Exercise directions: Restate exactly the lines below, from the one containing "2-Bedroom House for" through the final line, and leave out the pictures.

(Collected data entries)
● ● ● ● ●

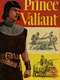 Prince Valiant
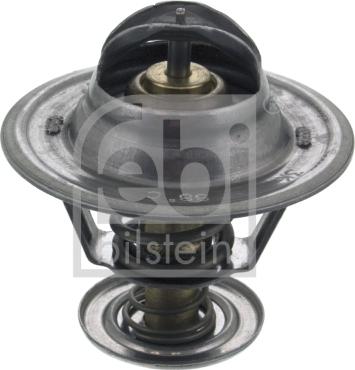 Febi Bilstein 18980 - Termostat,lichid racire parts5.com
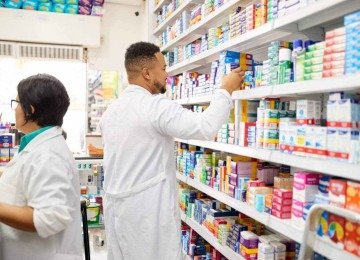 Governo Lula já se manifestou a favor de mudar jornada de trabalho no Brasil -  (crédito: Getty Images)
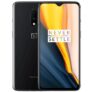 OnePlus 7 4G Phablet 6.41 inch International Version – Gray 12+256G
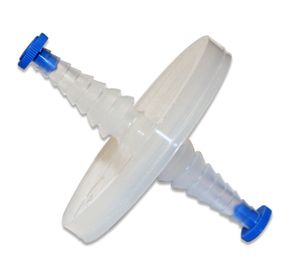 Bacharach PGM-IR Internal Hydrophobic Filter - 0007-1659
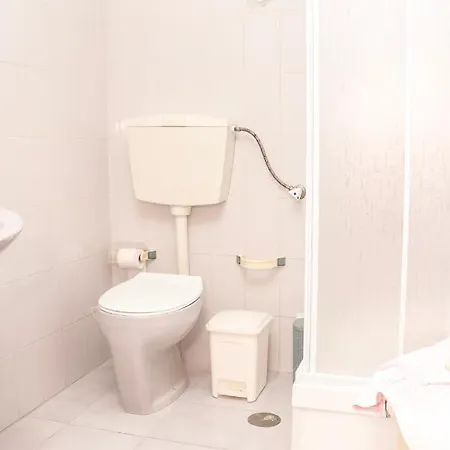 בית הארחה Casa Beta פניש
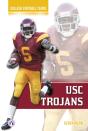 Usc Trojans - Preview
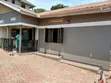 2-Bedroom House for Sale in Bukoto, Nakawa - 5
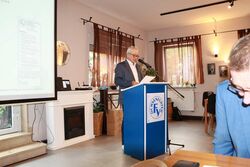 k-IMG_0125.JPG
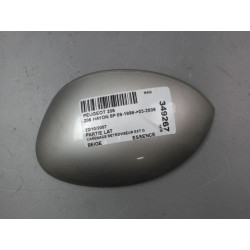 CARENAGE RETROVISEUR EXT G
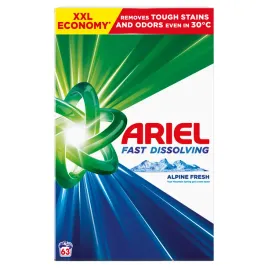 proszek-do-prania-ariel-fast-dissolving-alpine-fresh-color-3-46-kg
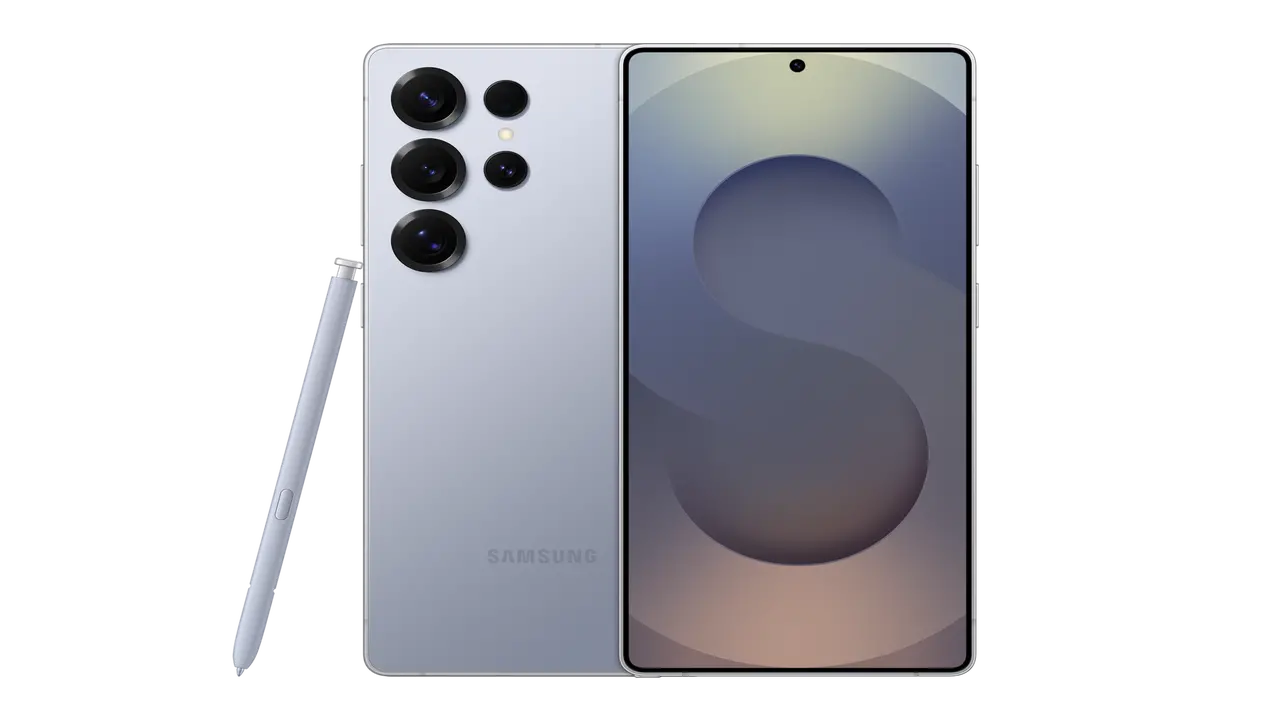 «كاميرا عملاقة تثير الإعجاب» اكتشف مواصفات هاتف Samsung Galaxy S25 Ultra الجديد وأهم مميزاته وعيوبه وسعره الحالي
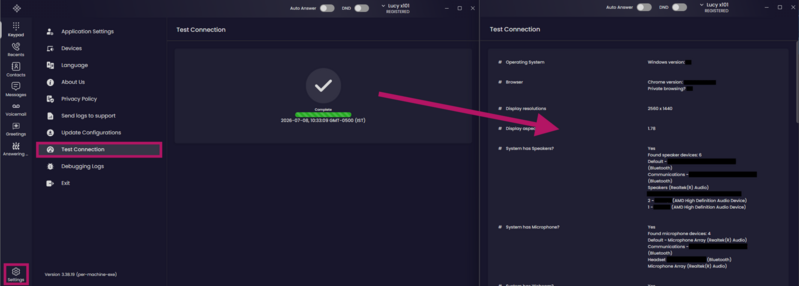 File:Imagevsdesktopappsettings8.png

● ● ● ● ●

Result:
 2-Bedroom House for Sale in Bukoto, Nakawa - 5
 k-IMG_0125.JPG
 CARENAGE RETROVISEUR EXT G
 proszek-do-prania-ariel-fast-dissolving-alpine-fresh-color-3-46-kg
 «كاميرا عملاقة تثير الإعجاب» اكتشف مواصفات هاتف Samsung Galaxy S25 Ultra الجديد وأهم مميزاته وعيوبه وسعره الحالي
 File:Imagevsdesktopappsettings8.png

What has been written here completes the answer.